You will Love Grandma's old fashioned Christmas Fruitcake recipes. For me, it's impossible to imagine a Christmas without homemade fruitcake. Every fall, Mom made her Christmas cakes using one of the recipes below.
She wrapped them in several layers of brown paper and safely stored them on the top shelf in the pantry well beyond my reach — at least she thought they were. Kitchen-stools were invented for a purpose!
Mom's Recipe Scrapbooks (c. 1920s)
Just consider some of the all-natural ingredients these recipes call for: fresh eggs, butter, brown sugar, currents, raisins, walnuts, almonds, mixed peel and spices. No store-bought, doorstop fruitcakes here!
These old fashioned Christmas fruitcake recipes produce cakes that can't help being absolutely delicious. And just look at these tempting serving ideas.
Here are some helpful tips on how to make the old fashioned Christmas fruitcake recipes turn out just like Grandma's:
Follow these baking tips and you can't go wrong.

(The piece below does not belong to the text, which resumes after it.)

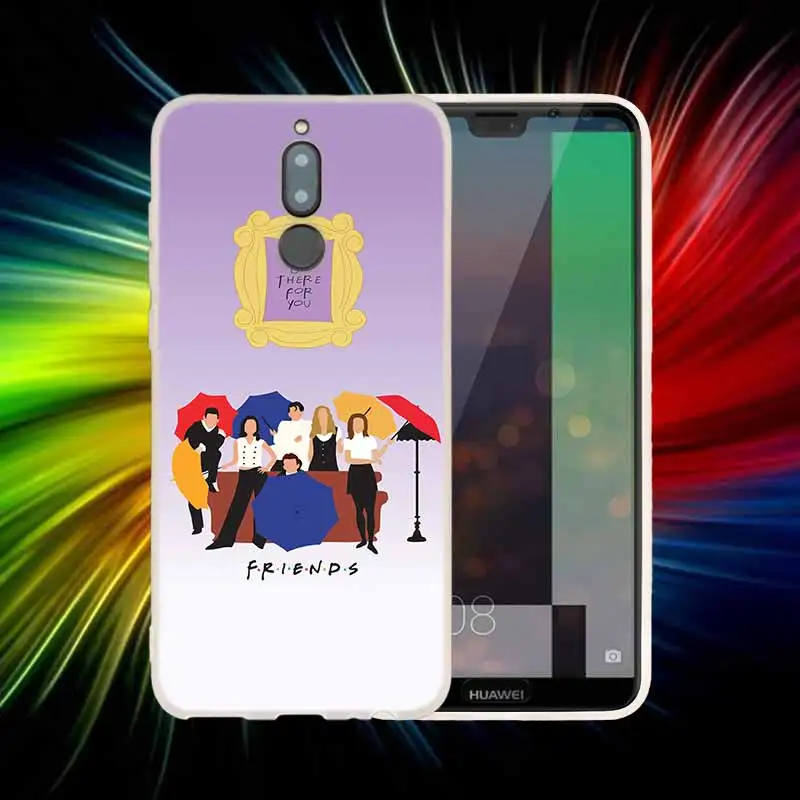 Coque Capa 13 Мягкий силиконовый чехол для huawei Коврики 20 10 Lite 20 pro s Nova 3 4 3i y9 y6 y5 y7 pro 20X крышка друзей ТВ шоу - Цвет: Coque Capa 13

2 lb raisins, 2 lb currents, 1/2 lb mixed peel, 1/2 lb almonds, 1-1/4 lb brown sugar (2-1/2 cups), 2 cups butter, 1 lb flour (4 cups), 10 eggs, 2 nutmegs, 2 teaspoons cinnamon, 1 wineglass brandy (I used fruit juice instead, being out of brandy).
Directions for mixing:
Cream the butter and sugar, then pour in dry ingredients. Break up the eggs and mix all together well.
Bake 3-1/4 hours (or until done) in a very slow oven not more than 275°F.
Some cooks prefer to steam until none sticks to a straw, then brown in the oven (best way as it burns very quick).
1 pound dates, 1/2 pound nuts, 1 cup wine, 1 pound butter, 3 cups flour, 1 teaspoon cinnamon, 1/2 teaspoon cloves, 1/2 teaspoon allspice, 1 teaspoon vanilla, 1 teaspoon rose water, 1/4 cup molasses, 3 pounds raisins, 1 pound peel (mixed), 1/2 cup black currant juice, 3/4 pound brown sugar, 7 eggs, 1 grated nutmeg, 1 teaspoon lemon, 1/2 teaspoon Ratafia, 1/2 teaspoon soda.
Prepare fruit, pour wine and black currant juice over same and leave stand overnight.
Cream butter, then add eggs and beat well; then add molasses and soda beaten until light, then add flour, sprinkle fruit with flour and add.
Bake (275°F) in tins lined with heavy brown paper buttered. Do not open oven for about three hours.
Dried apples, 1 cup; molasses, 1 cup; 1 egg; sugar, 1/2 cup; milk 1/2 cup; flour 2-1/2 cups; baking powder, 1 teaspoonful.
Directions: Soak the dried apples overnight, then steam until soft; then simmer them slowly in the molasses, until well cooked; when cool, add the other ingredients and bake (300°F) till done. —Dr. Alvin Wood Chase, M.D., 1881.
Two cups brown sugar, 1 package seeded raisins (quantity to your preference), 1 tablespoonful of shortening, 1/2 cup molasses, 1 teaspoon ground spices, 1 teaspoon salt. Boil all in a saucepan 5 or 6 minutes.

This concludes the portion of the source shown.